Pasan las once de la mañana cuando el cielo se desploma sobre Triana. Los romeros acaban de abandonar el barrio. Florecen los paraguas como lo hacen las tópicas margaritas llegadas estas fechas (para mal de los alérgicos). Los impermeables verdes unifican la algarabía cromática que minutos antes había imperado en el arrabal. Fue breve la tregua que hizo soñar con cielos celestes y los brillos de un sol, tan efímera como la cerveza que a esta hora ya disfruta más de un romero (pese a que el tiempo invita más a aguardiente). Se van los trianeros buscando la Cuesta del Caracol y la lluvia se adueña de la ciudad desdibujando cualquier huella de fiesta. "Venga que es agua, y encima gratis", grita un peregrino cuando las nubes descargan sin compasión alguna.

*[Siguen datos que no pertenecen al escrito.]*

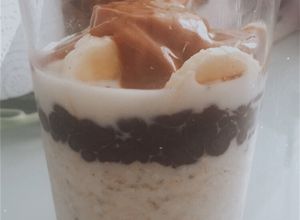 Foto principal de Overnight oats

"Hay que tener ganas de Rocío para irse con este tiempo". Reflexión de una señora que se cobija en la Basílica del Cachorro mientras escampa la tormenta. Del mal tiempo han hecho su agosto las tiendas especializadas en ropa deportiva. El martes se agotaron las botas de agua. Hubo un establecimiento que facturó 25.000 euros en cinco horas por este calzado tan molesto como antiestético. La lluvia cambia la indumentaria romera. Introduce nuevas variantes en los looks de los peregrinos. A veces, con mezcolanzas difíciles de digerir para la vista. El refrán dice que una buena capa todo lo tapa, pero en el caso de las rocieras, el maldito plástico acaba por deslucir cualquier intento de coquetería. A todas las iguala ese verde que ya se ha adueñado de las fotos del Rocío. Aunque aún queda margen -bastante amplio- para la improvisación. Entre los romeros hay quien, con el pretexto de la lluvia, parece sacado del concierto de AC/DC.

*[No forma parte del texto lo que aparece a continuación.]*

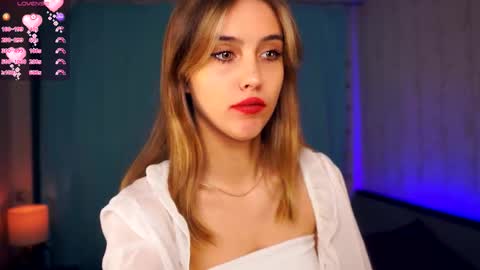 Anasteisha  Day Helen  Night online show from 11/19/25, 07:58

En el arrabal macareno el plástico también se impone. La carreta del simpecado -hipérbole argéntea- va cubierta con una funda que hace invisible su cúpula. Las flores que la adornan están casi todas cerradas. Las clientas del mercado de la calle Feria se asoman a ver una comitiva muy acelerada. Cerca de Omnium Sanctorum huele a chicharrón frito, un aroma que acentúa el apetito de los que todavía no han probado bocado.

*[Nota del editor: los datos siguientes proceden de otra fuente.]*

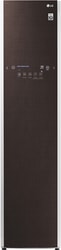 Сушильный шкаф LG S3RERB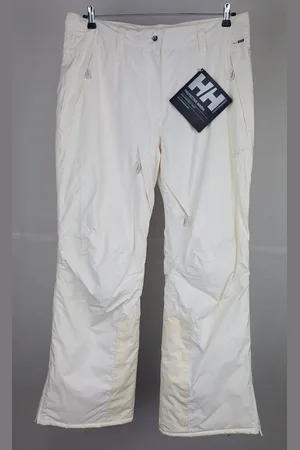 Helly Hansen Zaugg Dames Skibroek Maat XL / 46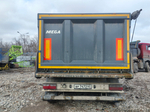 Mega MPT 003 Прицеп самосвальный MPT 003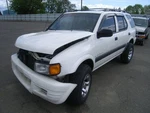 Audio Equipment Radio Receiver Am-fm-cassette Fits 98-99 Isuzu Amigo. Fixed Price $92.50.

Por la calle Castilla el aire trae, de vez en cuando, el olor a anís seco, el reconstituyente de los romeros que se agolpan en el Bar Manolo, donde los camareros siguen luciendo camisa blanca y una escuálida cinta negra anudada al cuello, uniforme setentero alejado de las modas que imperan en gastrobares y otros inventos de la cursilería tabernera. Viene el simpecado que cobija a la Virgen Chiquita envuelto en un grueso plástico por el que asoman múltiples clavellinas de colores. La mañana, a esa hora, es un señuelo. Sale un tímido sol y los cielos se despejan. "Ojalá se mantenga así el día". El inocente ruego procede de una joven peregrina que sortea al público que espera de pie la llegada de la comitiva. Su deseo cae en saco roto. Conforme avanzan los romeros por Chapina las nubes se tiñen de un gris intenso. Salta la alerta en los radares de los móviles. La guasa no tarda en aparecer:

"-¿Ya estamos otra vez con lo del Cachorro y la lluvia?"

"-Es que se va a poner a llover en la misma puerta. Eso es tentar la suerte".

El agua es generosa y espera a que se cante la salve delante de la basílica. Luego descarga. Con bastante crueldad. No una, sino hasta cuatro veces, cuando más empinada se hace la cuesta que lleva hasta el pueblo de las tortas de aceite, apéndice, en esta jornada, del arrabal trianero. A pocos kilómetros, sin solución de continuidad, la caravana romera se hilvana con Gines, uno de los puntales rocieros.

La humedad se adueña de los cuerpos en un Rocío diseñado al antojo del agua. Qué molestos son los paraguas al andar y cuánto pesan los volantes mojados. "Hoy dormimos en el Torreón de la Juliana. Mañana, no lo sabemos", se le escuha decir a una trianera en la Calle Real. Es la incógnita de una romería al arbitrio de la lluvia. Muchas hermandades adelantan la pernocta. Otras llegan antes de lo previsto a la aldea en un camino sin arenas. Sin colores. Sin tiempo para un refrigerio. Sólo para andar y combatir el agua. Al cobijo del chubasquero. Bajo el refugio del plástico. La fiesta, este año, va por dentro.